Your goal —
I need every line of the material below that includes the string "https".

Entries supplied —
▼

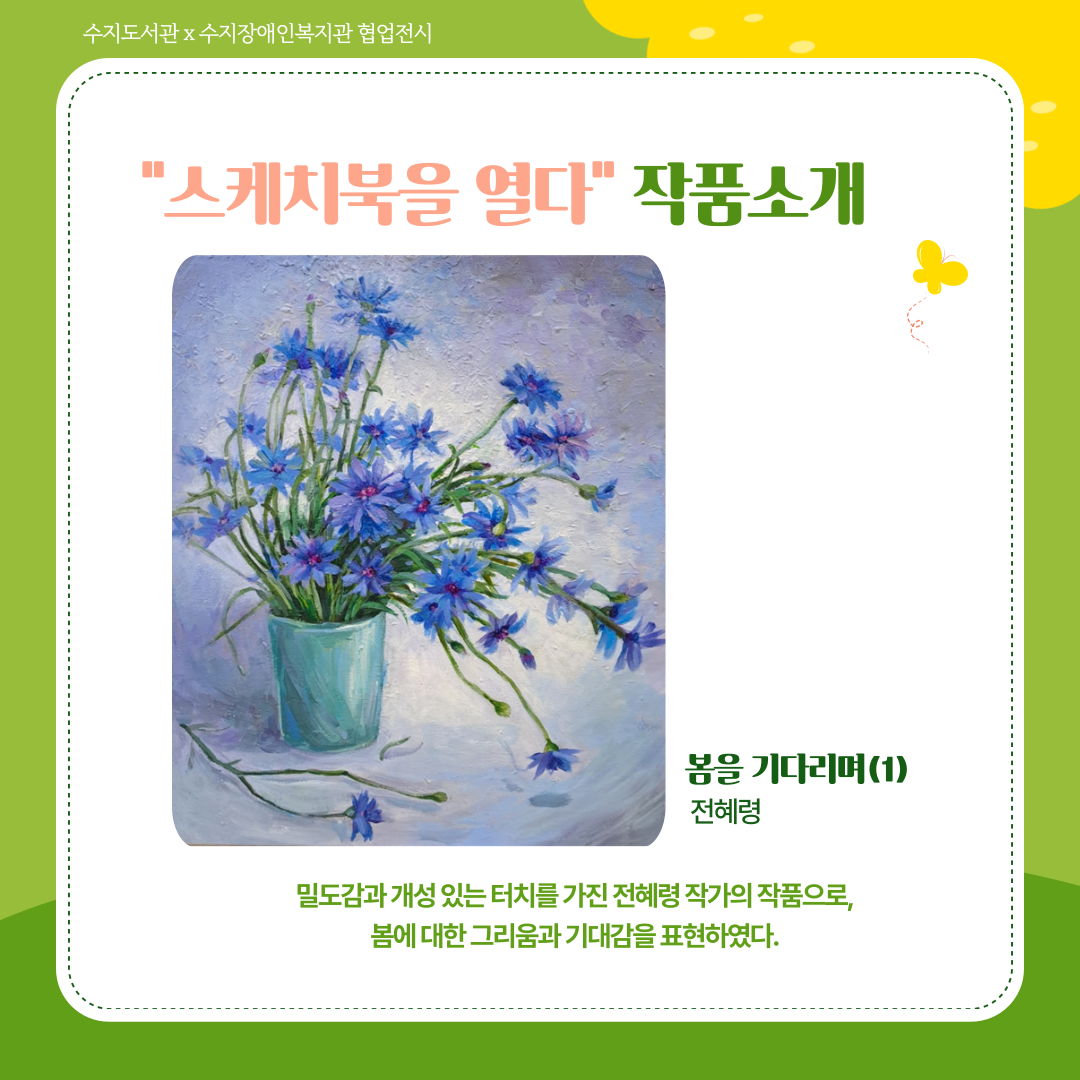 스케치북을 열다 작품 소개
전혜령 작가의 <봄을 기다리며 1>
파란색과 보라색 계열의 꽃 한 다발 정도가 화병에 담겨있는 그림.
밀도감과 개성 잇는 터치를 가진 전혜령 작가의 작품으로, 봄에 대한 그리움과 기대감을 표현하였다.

▲
▼

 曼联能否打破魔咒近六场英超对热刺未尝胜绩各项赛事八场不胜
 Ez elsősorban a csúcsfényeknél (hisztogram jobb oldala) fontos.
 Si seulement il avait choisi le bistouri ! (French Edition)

▲
▼

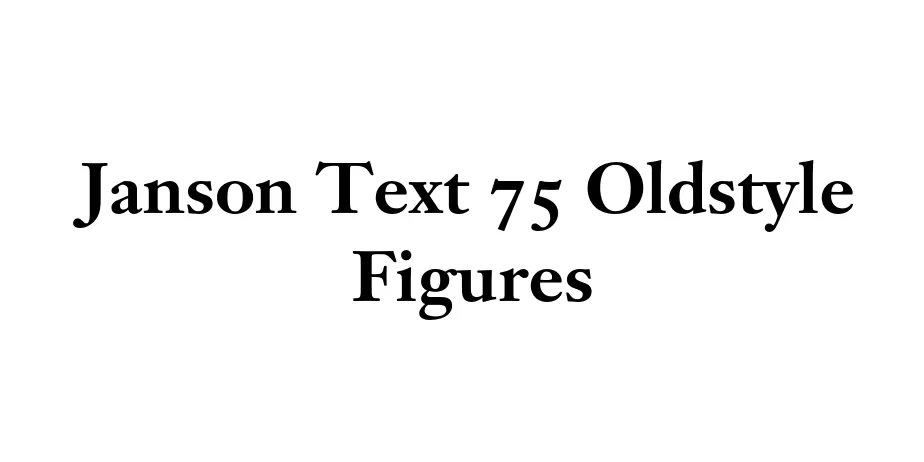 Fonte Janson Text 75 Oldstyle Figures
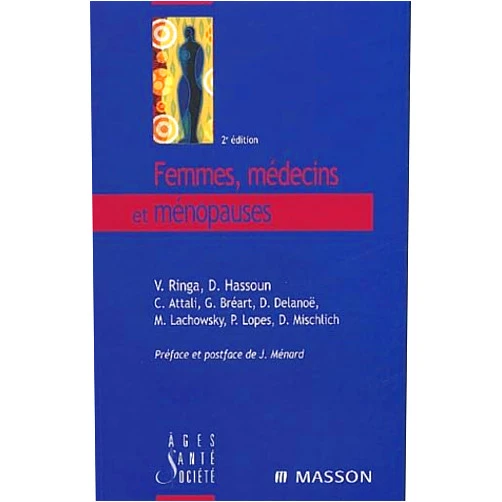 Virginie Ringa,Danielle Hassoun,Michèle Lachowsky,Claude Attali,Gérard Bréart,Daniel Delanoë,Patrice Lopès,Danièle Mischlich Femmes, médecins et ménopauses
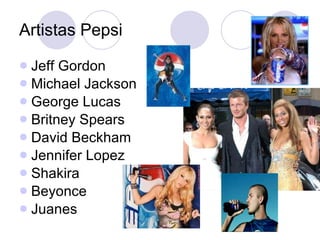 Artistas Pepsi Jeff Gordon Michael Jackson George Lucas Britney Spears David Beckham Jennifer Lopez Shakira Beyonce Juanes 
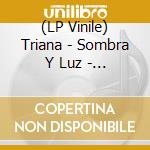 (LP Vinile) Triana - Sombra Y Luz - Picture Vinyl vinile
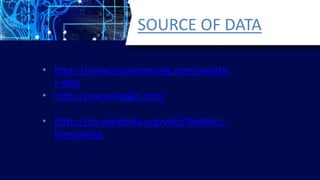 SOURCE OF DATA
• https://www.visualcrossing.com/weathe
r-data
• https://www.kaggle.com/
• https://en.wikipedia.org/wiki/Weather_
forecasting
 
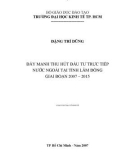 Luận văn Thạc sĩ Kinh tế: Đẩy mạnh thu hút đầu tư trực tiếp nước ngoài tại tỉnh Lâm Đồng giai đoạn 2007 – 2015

▲

Answer section —
• https://www.visualcrossing.com/weathe
• https://www.kaggle.com/
• https://en.wikipedia.org/wiki/Weather_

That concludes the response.